2. H.R. 2018 - The "So-Called" Clean Water Cooperative Federalism Act of 2011: This bill passed the House Transportation & Infrastructure Committee on June 22, 2011. The
House Rules Committee has a hearing on H.R. 2018 for tomorrow, July 12, 2011 at 3pm. The full House is expected to vote on the bill later this week. Essentially this bill would take the "federal" out of the federal Clean Water Act and overturn almost 40 years of Federal legislation by preventing EPA from protecting public health and water quality.
3. FY 2012 Interior-EPA Appropriations Bill + Dirty Water Riders: This bill passed an appropriations subcommittee on Thursday, July 7th. The full House Appropriations Committee will be voting on the measure tomorrow, Tuesday, July 12th. We expect this bill to be come up on the House floor for a vote the week July 26th.
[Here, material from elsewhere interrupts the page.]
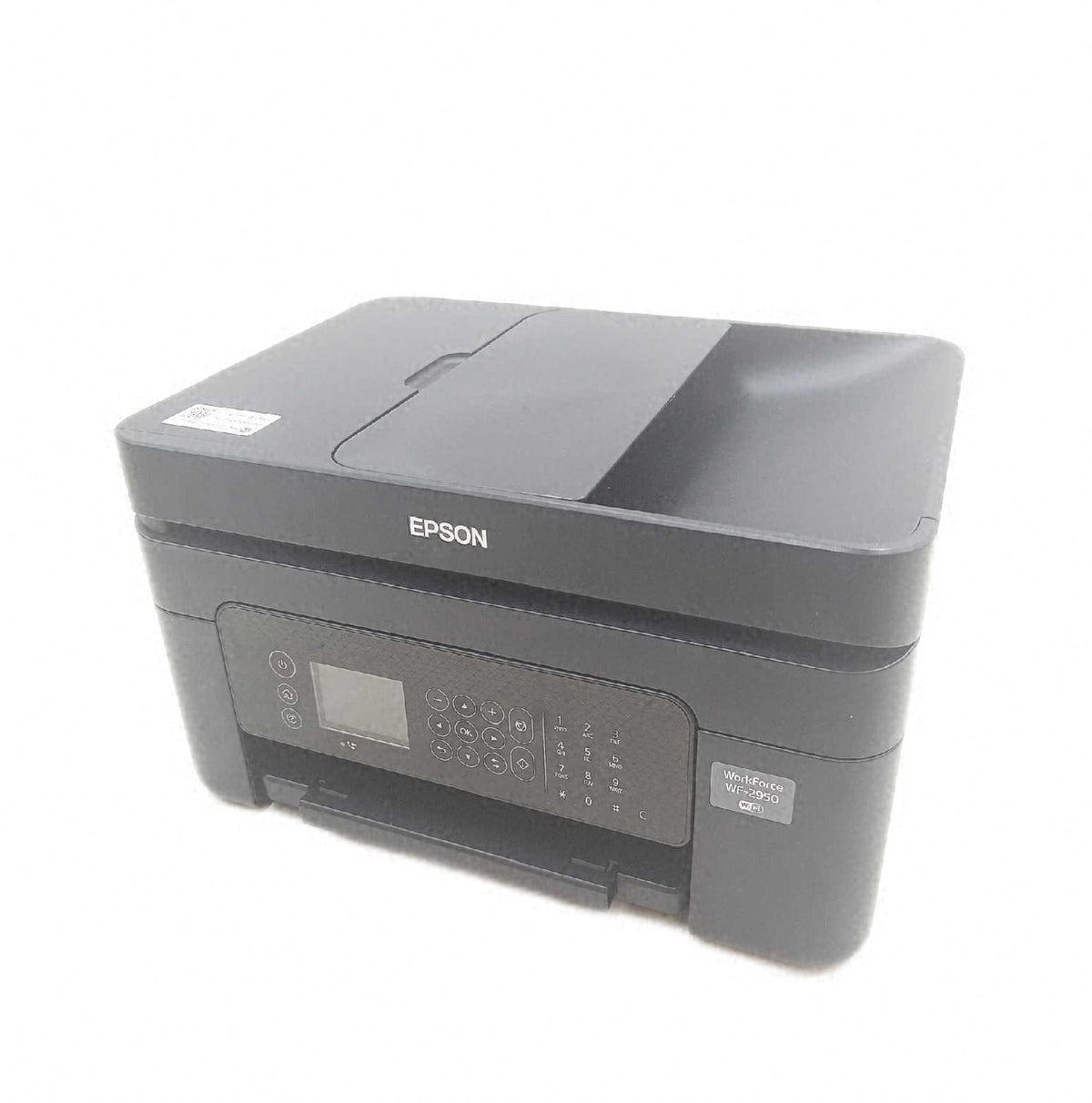 Epson EcoTank ET 4800 4 in 1 Tinten Multifunktionsgerät Def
In addition to slashing EPA's budget by 18%, this Appropriations bill contains a number of dirty water riders that threaten to prohibit oversight of mountaintop removal mining, exempt stormwater runoff from logging roads and pesticide discharges into waterways from Clean Water Act permits, and prevent EPA's ability to update or implement regulation for coal ash, stormwater, and small streams threatened by mountaintop mining among others.
4. H.R. 2273: McKinley's Coal Ash Bill: Congressman David McKinley (R-WV) has introduced a dangerously weak bill for "regulating" coal ash disposal that would defy logic by allowing States to continue operating every leak-prone and high hazard toxic coal ash dump without requiring basic safeguards and virtually blocking EPA from stepping in to protect communities. Passage of this bill would endanger the health and safety of thousands of communities, fail to stimulate coal ash recycling, and disrupt the U.S. Environmental Protection Agency's (EPA) public rulemaking process that has been underway for over two years and has attracted a record 455,000 comments. This bill is scheduled to be marked up this afternoon (July 11) before the House Energy and Commerce Committee.